++++ Material for this exercise ++++

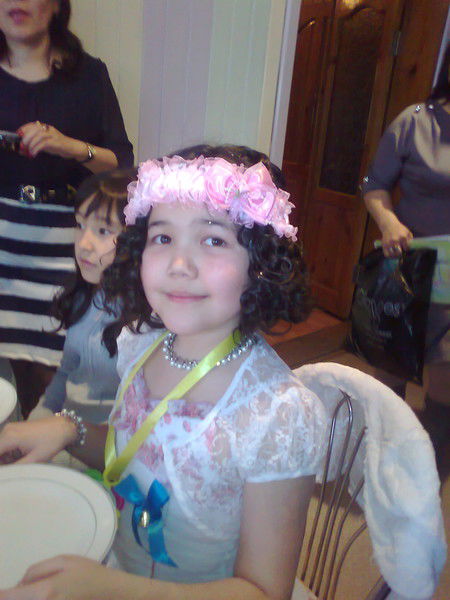 Динара Атанбаева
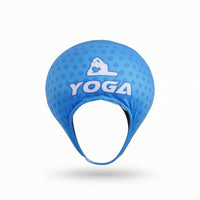 Oversized Fitness Ball Head Cover Soft Fabric Costume Headwear for Stage Performances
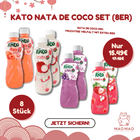 KATO Nata de Coco Set (8er) Bild 2
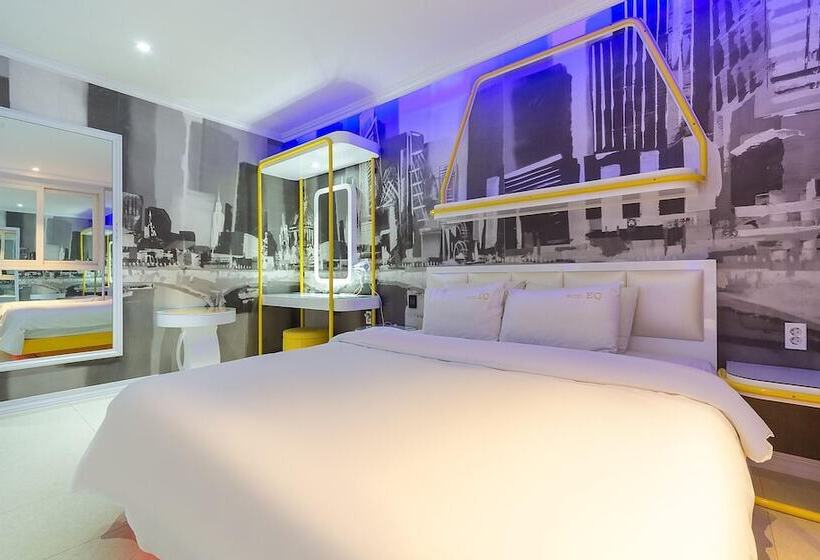 モーテル Gwangju Sangmu Eq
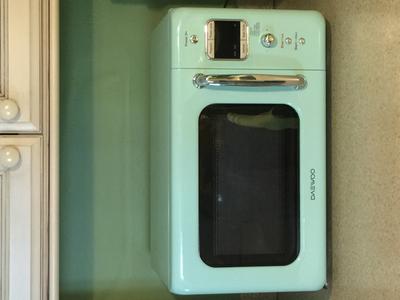 Hot Selling Computer Type Korean Daewoo Microwave Oven Retro Mini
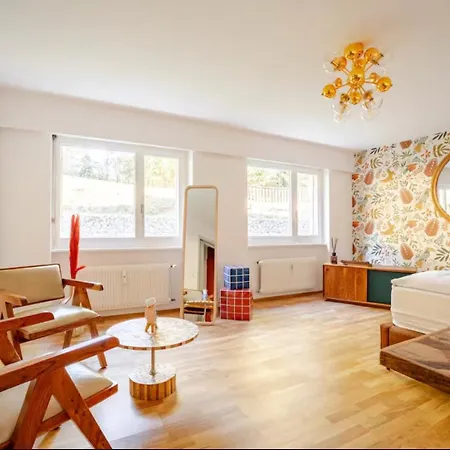 Apartment Cozy At A Special Price! Crans-Montana
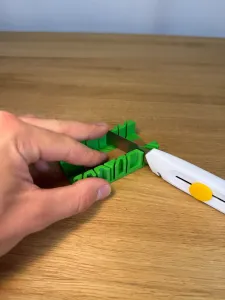 Mini Miter Box (90°, 45°, 30°, 22.5°)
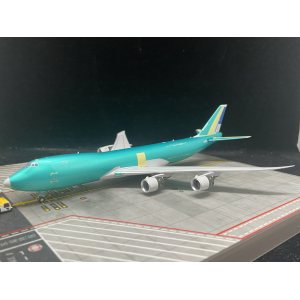 Atlas Air 阿特拉斯航空 Boeing 747-8F N863GT  NG78012 NGmodels 1:400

++++

Prompt. Repeat the records above exactly. Pictures do not belong in the copy.

Task solution.
 Динара Атанбаева
 Oversized Fitness Ball Head Cover Soft Fabric Costume Headwear for Stage Performances
 KATO Nata de Coco Set (8er) Bild 2
 モーテル Gwangju Sangmu Eq
 Hot Selling Computer Type Korean Daewoo Microwave Oven Retro Mini
 Apartment Cozy At A Special Price! Crans-Montana
 Mini Miter Box (90°, 45°, 30°, 22.5°)
 Atlas Air 阿特拉斯航空 Boeing 747-8F N863GT  NG78012 NGmodels 1:400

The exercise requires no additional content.